On campuses across the country, the last few years have seen repeated incidents in which minority students seem impelled, whether by their professors or for psychological or other reasons, to protest non-existent hate crimes or the most insignificant of perceived slights, public speakers they don’t like. Vigilante mobs use threats, non-violent and violent protests to wrest concessions from the craven administrators who oversee our nation’s universities.

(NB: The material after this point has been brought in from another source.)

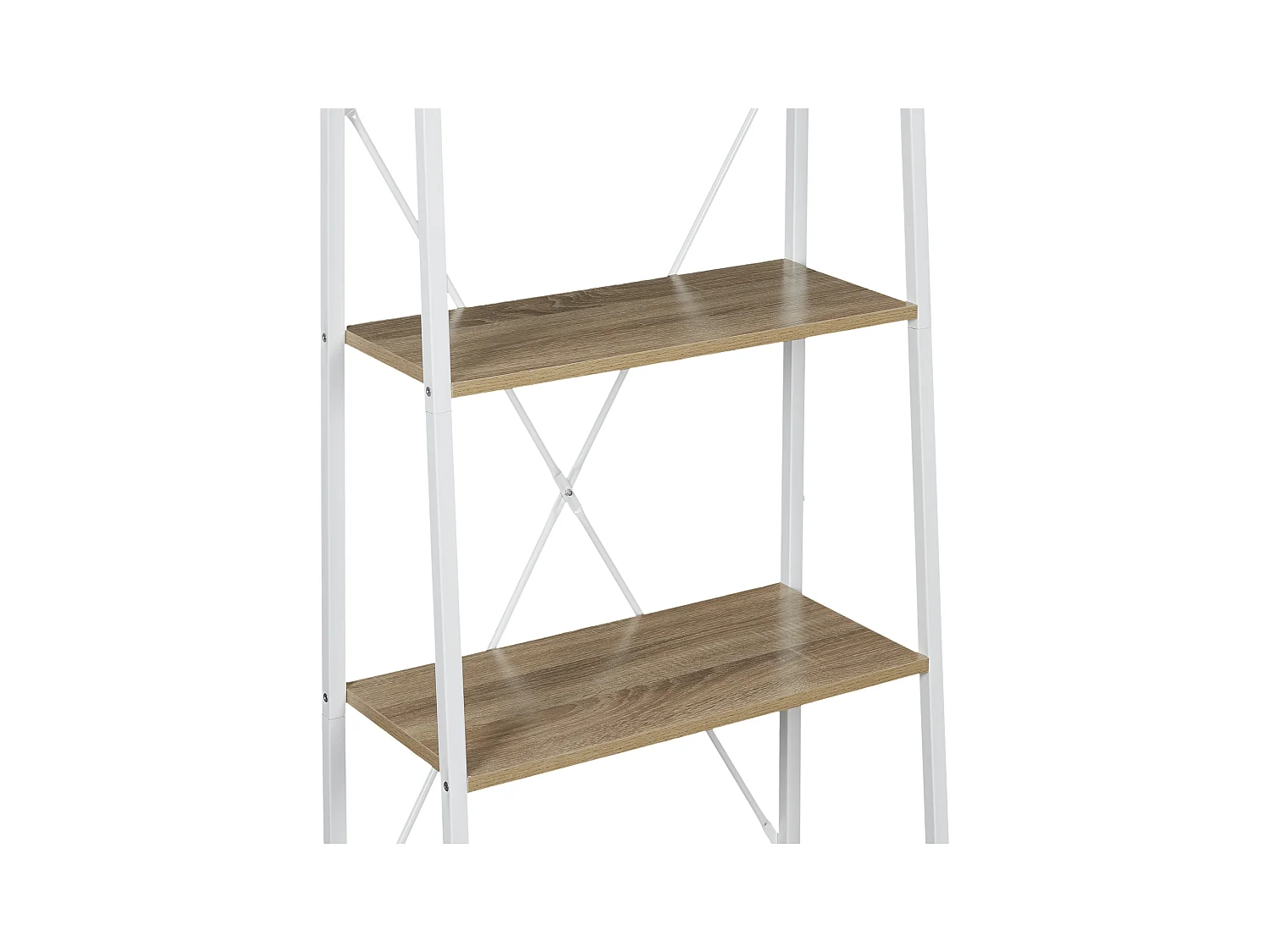 Etagere Bois Et Metal Blanc 148x60x325cm Marron, Blanc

At Evergreen, the spark that set off the recent turmoil was an announced “Day of Absence” in which White students and campus members were told to not come to campus so that students of color would have a day free from their oppressive presence. Evergreen State biology professor Bret Weinstein had concerns with this plan, writing that it seemed, well, somewhat racist. Certainly, excluding White students from campus for a day would seem on the face of it to be spectacularly racist, but we must remember that the prevailing logic of the social justice left is “people of color can’t be racist” — which is then interpreted as “anything we do to White people is ok.”  This dynamic is visible in any of the videos of the confrontations from Evergreen State or any of the other recent campus race-based protests. The template for this is for students, faculty, or protestors “of color” and their White allies to unashamedly harass, scream and swear at, insult, and on occasion initiate force or threats of force against White individuals whom they accuse of being racist, insensitive, or merely insufficiently subservient.

Weinstein’s disapproval of and non-compliance with the Day of Absence was duly noted by a Black professor, Naima Lowe, and circulated to a group of students.